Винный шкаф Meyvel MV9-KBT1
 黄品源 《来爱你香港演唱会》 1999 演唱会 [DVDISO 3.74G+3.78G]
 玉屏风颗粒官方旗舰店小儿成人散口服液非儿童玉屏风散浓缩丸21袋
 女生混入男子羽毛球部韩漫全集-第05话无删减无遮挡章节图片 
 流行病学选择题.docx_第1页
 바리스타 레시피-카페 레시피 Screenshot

========================================

▸ **PROBLEM**
Each entry needs to be copied out exactly.

▸ **SOLUTION FOR THIS EXERCISE**
Винный шкаф Meyvel MV9-KBT1
 黄品源 《来爱你香港演唱会》 1999 演唱会 [DVDISO 3.74G+3.78G]
 玉屏风颗粒官方旗舰店小儿成人散口服液非儿童玉屏风散浓缩丸21袋
 女生混入男子羽毛球部韩漫全集-第05话无删减无遮挡章节图片 
 流行病学选择题.docx_第1页
 바리스타 레시피-카페 레시피 Screenshot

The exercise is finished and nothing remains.